Sunday, June 5, 2022

Q&A with Judith Serin


 

 

Judith Serin is the author of Gravity, a new work of fiction that includes six short stories and a novella. Her other books include the poetry collection Hiding in the World. She teaches at California College of the Arts.

 

Q: What inspired you to write the stories and novella collected in Gravity?

 

A: I have always been a feminist; my parents were feminists, and I was brought up that way.

 

But I often found myself struggling with the traps that society sets for women: how we should act, look, and live, and most of all the images of romantic love that pervade our world and set up expectations that can never be fulfilled.

 

So the background of my writing these pieces was to examine and combat that.

 

But, more specifically, I was writing poems—I still am—and two things were happening: 1. I started writing longer pieces, series, and 2. I kept on getting women’s voices in my head.

 

So I wrote down what these voices, initially first person, were saying, and that led to writing short stories and, eventually, the novella.

 

Q: How was the book’s title—also the title of the novella—chosen, and what does it signify for you?

 

A: I choose titles, if they do not come to me in the beginning of writing the piece, from words or phrases within the pieces.

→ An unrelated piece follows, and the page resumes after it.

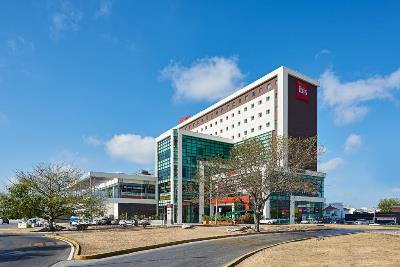 Hotel Ibis Cancún Centro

The phrase “feeling gravity pull her “appears near the beginning of the novella, and “gliding against gravity” appears near the end.

 

I liked Gravity as a title for the novella because there is so much about the characters going up and down--in elevators, in the sky--and also because it suggests the contrast between “down to earth” Suzanne and “in the clouds” Anne.

 

And to me, the novella is heart of the book, what the other stories lead up to.

 

Q: The writer Zack Rogow said of the book, “Serin finds the difficult truths in relationships between the sexes, words and feelings thought but never expressed.” What do you think of that description?

 

A: I very much appreciate Zack Rogow’s description of the book; it both feels right-on and is also an insight I wouldn’t have thought of myself.

 

I do hope that I am expressing these “difficult truths,” and my biggest hope is that my book will help other women to express them as well.

 

Q: What do you hope readers take away from the book?

 

A: I hope readers will laugh some, maybe cry a little, and that they will recognize parts of themselves.

 

And I want very much to contribute to a questioning of the stereotypical images of women, and to the work toward a freedom from them. I want to be part of the literature of women’s voices.

 

Q: What are you working on now?

 

A: One project I’m working on now is a collection of creative nonfiction short memoirs, called Family Stories, that looks at my family, the visual art that I love and that influenced me from a young age, my dreams, and images from my everyday life. 

 

I’m also working on a book of prose poems in series—some surreal and some playing with things that are important to me such as jazz divas and plants.

 

Q: Anything else we should know?

 

A: My website is www.judithserin.com and includes a link to my reading a story from Gravity that my publisher put on YouTube.

 

The novella Gravity was the most difficult piece I ever wrote because I think like a poet, not a novelist.

 

I am so grateful to the team at Eye Wear Publishing for appreciating it and putting it into print.

 

On July 20 I will read, with a surprise guest or two, at 7 p.m. at Bird & Beckett Bookstore, 653 Cherney St., San Francisco, Calif., 94131. Masks required.